24

482 70 15
                                    

Gri gökyüzü güneşi engellerken, iki saatlik bir sürüşten sonra her yol bulanıklaşmaya ve aynı görünmeye başlamıştı.

Felix başını pencereye dayadı, önünden geçen boş tarlalara baktı. Arada bir, tüm yolculuk boyunca ürkütücü bir şekilde sessiz kalan Hyunjin'e baktı.

Ara sıra bir tabelayı veya havalı görünen bir tepeyi işaret etmenin yanı sıra, ona ne söyleyeceği konusunda gerçekten hiçbir fikri yoktu. Ne söylerse söylesin, genellikle tek aldığı cevap monoton bir "mhm" veya "güzel" olmuştu, bu yüzden bir noktada denemeyi bırakmıştı.

Sonunda, arabanın üzerine hafif hafif yağmur yağmaya başlarken Felix, buna nasıl tepki vereceğini merak ederek gergin bir şekilde Hyunjin'e baktı.

Direksiyonu normalden biraz daha sert tutması bir yana, uzun saçlı nispeten rahatsız görünmüyordu.

"Felix," dedi anında çocuğun dikkatini çekerek. "Radyoyu aç."

"Ama... Bunu istemediğini sanıyordum-"

"Aç şu lanet şeyi," diye ısrar etti Hyunjin, oldukça ürkmüş çocukla göz teması kurmadan önce, "Lütfen?" diye de ekledi.

Felix aklını topladı ve söyleneni yaptı. Kısa süre sonra, bölgedeki kötü sinyal nedeniyle kalitesiz, cızırtılı ve düşük müzik sesi hoparlörlerden akmaya başladı.

"Şu an kızgın mısın?" Bir süre sonra Felix konuştu. "Kızgınmışsın gibi hissediyorum. Bir şey mi yaptım...?"

"Hiçbir şey yapmadın," dedi Hyunjin, sözlerinden önceki iç çekişe rağmen.

"Ah..." Felix bir an düşündü. "Yine de kızgın olmakla ilgili kısmı inkar etmedin."

"Ben..." Hyunjin duraksadı, sözleri tökezledi. "Bak. Ben iyiyim. Önemli değil."

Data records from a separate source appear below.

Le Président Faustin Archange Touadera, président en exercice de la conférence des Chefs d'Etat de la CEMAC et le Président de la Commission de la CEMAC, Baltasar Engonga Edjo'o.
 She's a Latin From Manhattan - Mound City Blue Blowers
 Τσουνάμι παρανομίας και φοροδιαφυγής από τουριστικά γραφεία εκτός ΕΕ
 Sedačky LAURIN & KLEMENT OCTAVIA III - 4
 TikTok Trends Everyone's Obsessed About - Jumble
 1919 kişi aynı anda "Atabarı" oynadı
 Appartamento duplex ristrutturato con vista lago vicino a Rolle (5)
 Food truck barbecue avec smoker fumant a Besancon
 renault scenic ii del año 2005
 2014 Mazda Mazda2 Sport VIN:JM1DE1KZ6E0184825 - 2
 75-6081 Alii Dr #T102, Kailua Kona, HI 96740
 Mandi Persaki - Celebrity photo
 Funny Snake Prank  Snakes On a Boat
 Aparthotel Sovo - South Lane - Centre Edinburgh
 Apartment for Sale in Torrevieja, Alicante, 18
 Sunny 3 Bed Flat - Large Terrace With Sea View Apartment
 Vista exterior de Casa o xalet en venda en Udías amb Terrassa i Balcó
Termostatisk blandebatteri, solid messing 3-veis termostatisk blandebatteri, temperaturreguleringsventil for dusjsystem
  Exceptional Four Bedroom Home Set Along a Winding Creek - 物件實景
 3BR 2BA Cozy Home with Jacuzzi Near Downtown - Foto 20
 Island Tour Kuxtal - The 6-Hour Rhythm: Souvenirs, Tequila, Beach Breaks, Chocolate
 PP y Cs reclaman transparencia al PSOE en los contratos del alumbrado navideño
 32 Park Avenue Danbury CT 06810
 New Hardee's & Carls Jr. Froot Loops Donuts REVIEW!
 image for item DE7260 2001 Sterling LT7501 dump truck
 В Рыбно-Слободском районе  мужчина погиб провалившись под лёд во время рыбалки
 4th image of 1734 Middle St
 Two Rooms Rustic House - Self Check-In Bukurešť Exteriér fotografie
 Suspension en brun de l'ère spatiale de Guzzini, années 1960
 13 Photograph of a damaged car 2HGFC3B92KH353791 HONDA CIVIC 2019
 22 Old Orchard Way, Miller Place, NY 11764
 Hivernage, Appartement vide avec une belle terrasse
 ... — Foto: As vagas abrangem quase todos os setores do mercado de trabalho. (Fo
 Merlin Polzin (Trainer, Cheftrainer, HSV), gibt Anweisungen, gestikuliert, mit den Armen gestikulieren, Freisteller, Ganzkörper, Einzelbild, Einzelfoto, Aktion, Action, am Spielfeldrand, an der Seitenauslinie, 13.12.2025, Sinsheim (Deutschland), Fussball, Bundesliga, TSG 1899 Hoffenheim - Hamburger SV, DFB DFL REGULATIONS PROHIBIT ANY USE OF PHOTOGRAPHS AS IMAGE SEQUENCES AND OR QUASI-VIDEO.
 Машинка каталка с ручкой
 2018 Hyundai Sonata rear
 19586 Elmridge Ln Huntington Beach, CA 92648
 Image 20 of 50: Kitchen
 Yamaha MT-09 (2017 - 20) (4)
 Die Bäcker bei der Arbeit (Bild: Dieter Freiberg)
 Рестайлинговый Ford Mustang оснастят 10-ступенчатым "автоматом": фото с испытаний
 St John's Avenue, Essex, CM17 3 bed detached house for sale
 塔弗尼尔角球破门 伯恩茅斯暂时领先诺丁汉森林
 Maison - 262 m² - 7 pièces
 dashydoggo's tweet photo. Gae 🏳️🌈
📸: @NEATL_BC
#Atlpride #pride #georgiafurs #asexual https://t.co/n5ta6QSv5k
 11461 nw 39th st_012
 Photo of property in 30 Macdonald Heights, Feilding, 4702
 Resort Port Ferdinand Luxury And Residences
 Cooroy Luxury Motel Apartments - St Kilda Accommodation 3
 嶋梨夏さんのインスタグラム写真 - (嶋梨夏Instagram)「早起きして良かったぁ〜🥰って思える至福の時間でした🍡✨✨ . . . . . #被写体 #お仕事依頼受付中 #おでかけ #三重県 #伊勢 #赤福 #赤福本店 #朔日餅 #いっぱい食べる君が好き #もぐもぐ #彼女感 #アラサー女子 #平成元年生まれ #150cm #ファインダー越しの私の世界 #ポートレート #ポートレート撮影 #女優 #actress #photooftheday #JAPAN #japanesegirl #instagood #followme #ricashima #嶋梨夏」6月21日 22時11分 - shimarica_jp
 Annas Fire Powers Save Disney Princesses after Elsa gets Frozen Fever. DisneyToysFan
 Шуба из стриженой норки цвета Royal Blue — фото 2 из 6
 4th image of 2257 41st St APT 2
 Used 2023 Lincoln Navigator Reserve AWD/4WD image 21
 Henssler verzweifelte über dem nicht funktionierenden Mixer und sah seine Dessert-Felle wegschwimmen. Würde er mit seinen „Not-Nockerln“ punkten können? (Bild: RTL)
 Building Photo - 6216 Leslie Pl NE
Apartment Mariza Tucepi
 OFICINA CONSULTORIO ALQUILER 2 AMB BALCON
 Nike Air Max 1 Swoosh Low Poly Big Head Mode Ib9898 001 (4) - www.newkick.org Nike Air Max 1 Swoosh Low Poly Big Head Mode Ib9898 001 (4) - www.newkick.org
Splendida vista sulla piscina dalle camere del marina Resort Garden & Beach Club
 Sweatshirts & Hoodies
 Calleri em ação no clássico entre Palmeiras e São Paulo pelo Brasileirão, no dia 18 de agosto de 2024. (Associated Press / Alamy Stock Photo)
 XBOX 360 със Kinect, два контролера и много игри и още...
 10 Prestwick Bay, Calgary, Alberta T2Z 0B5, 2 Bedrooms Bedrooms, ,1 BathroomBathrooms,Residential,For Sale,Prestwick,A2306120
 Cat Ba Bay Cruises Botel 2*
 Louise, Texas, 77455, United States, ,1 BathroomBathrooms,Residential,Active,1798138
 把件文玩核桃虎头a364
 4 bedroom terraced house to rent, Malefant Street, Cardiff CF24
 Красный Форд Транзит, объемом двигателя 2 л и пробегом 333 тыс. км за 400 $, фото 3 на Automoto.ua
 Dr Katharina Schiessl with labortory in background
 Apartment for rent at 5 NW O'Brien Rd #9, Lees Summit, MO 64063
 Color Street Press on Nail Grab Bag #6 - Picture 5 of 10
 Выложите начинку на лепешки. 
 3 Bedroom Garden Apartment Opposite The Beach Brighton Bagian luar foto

"Genellikle insanlar hiçbir şey olmadığını söylediğinde, bu aslında bir şey olduğu anlamına gelir," diye sessiz bir şekilde yorum yaptı ve Hyunjin bıkkın bir ifadeyle ona bakmak için döndü.

"Evet, stresliyim, tamam mı?!" diye çıkıştı ve önlerindeki yolu kısaca kontrol etmek için geri döndü. "Söylememi istediğin bu muydu? Aradığın cevap?"

"Sadece seni rahatsız eden bir şey olduğunu düşünmüştüm..."

"Elbette!" Hyunjin karşılık verdi. "Tüm bunlar olurken orada öylece sakin sakin oturduğuna inanamıyorum."

Felix ona hafif bir şaşkınlıkla baktı.
"Yani bir şey yaptım?"

"Hayır!" Hyunjin cevap olarak resmen gürledi.
"Hiçbir. Şey. Yapmadın!" dile getirdi.
"Demek istediğim, stresten gebermek üzereyim ve keşke bu konuda senin kadar soğukkanlı olabilseydim. Tamam mı?"

"Mm..." Felix ne cevap vereceğini gerçekten bilmemesine rağmen anlayışla mırıldandı. "Yani, ben böyleyim... Gerçekten, uh, stresi açıkça göstermiyorum. Biliyorsun."

Hyunjin bunun üzerine derin bir nefes aldı. "Ne demek istediğini biliyorum."

"Hey," Felix konuştu, dikkatlice uzanıp elini Hyunjin'in dizine koydu.
"Neden bir lokantada falan durmuyoruz? Bu yolun aşağısında birkaç tabela var," diye nazikçe önerdi.